# What the exercise asks:
From the first line to the last, print the material exactly, skipping the pictures.

####

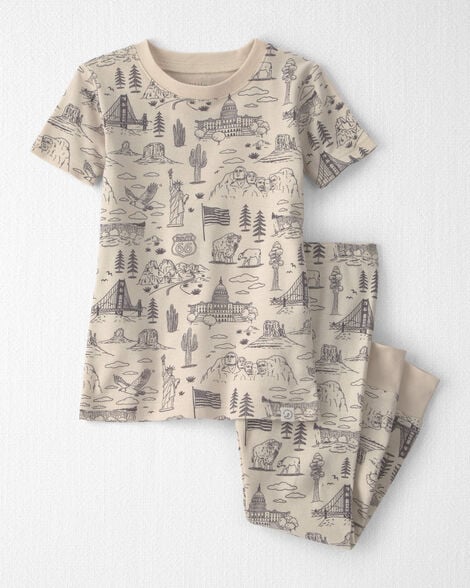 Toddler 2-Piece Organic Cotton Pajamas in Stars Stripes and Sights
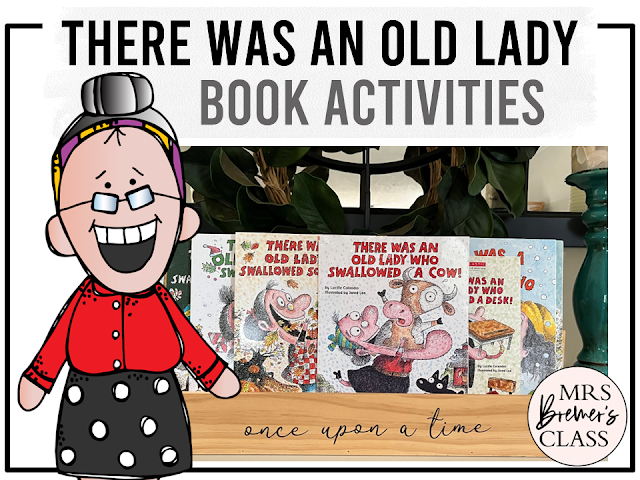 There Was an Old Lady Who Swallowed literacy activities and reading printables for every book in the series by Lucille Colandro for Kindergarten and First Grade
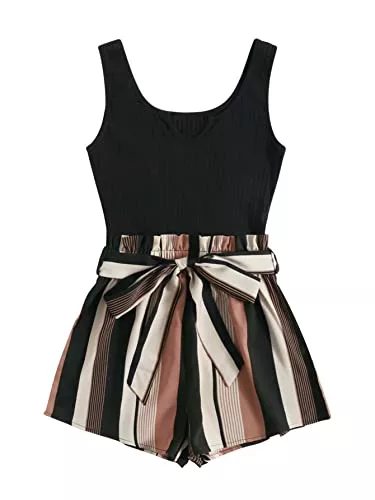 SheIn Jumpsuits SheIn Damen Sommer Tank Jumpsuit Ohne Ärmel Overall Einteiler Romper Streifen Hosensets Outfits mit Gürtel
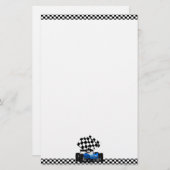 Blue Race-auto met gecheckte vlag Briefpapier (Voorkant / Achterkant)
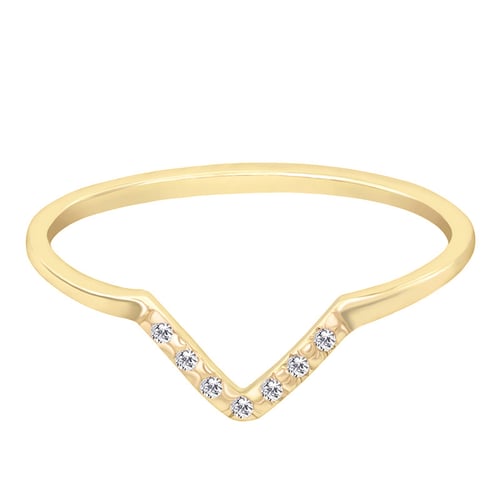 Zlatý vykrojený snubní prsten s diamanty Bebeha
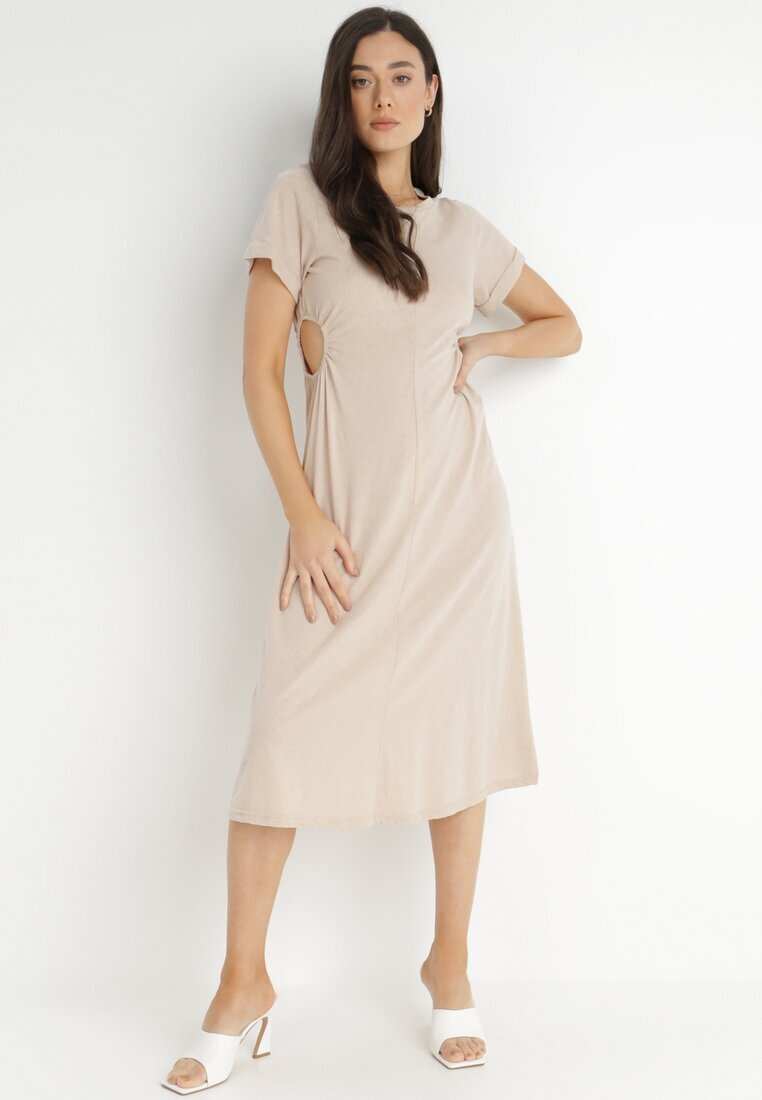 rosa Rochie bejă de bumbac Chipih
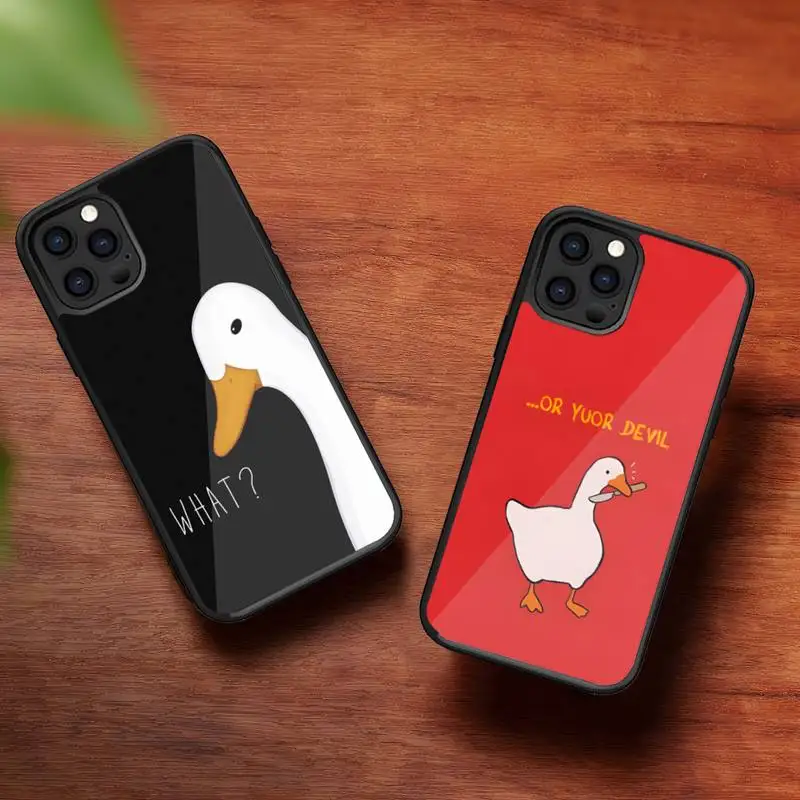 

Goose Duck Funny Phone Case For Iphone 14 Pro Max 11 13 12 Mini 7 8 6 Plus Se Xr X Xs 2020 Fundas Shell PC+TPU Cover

####

# Result:
 Toddler 2-Piece Organic Cotton Pajamas in Stars Stripes and Sights
 There Was an Old Lady Who Swallowed literacy activities and reading printables for every book in the series by Lucille Colandro for Kindergarten and First Grade
 SheIn Jumpsuits SheIn Damen Sommer Tank Jumpsuit Ohne Ärmel Overall Einteiler Romper Streifen Hosensets Outfits mit Gürtel
 Blue Race-auto met gecheckte vlag Briefpapier (Voorkant / Achterkant)
 Zlatý vykrojený snubní prsten s diamanty Bebeha
 rosa Rochie bejă de bumbac Chipih

Goose Duck Funny Phone Case For Iphone 14 Pro Max 11 13 12 Mini 7 8 6 Plus Se Xr X Xs 2020 Fundas Shell PC+TPU Cover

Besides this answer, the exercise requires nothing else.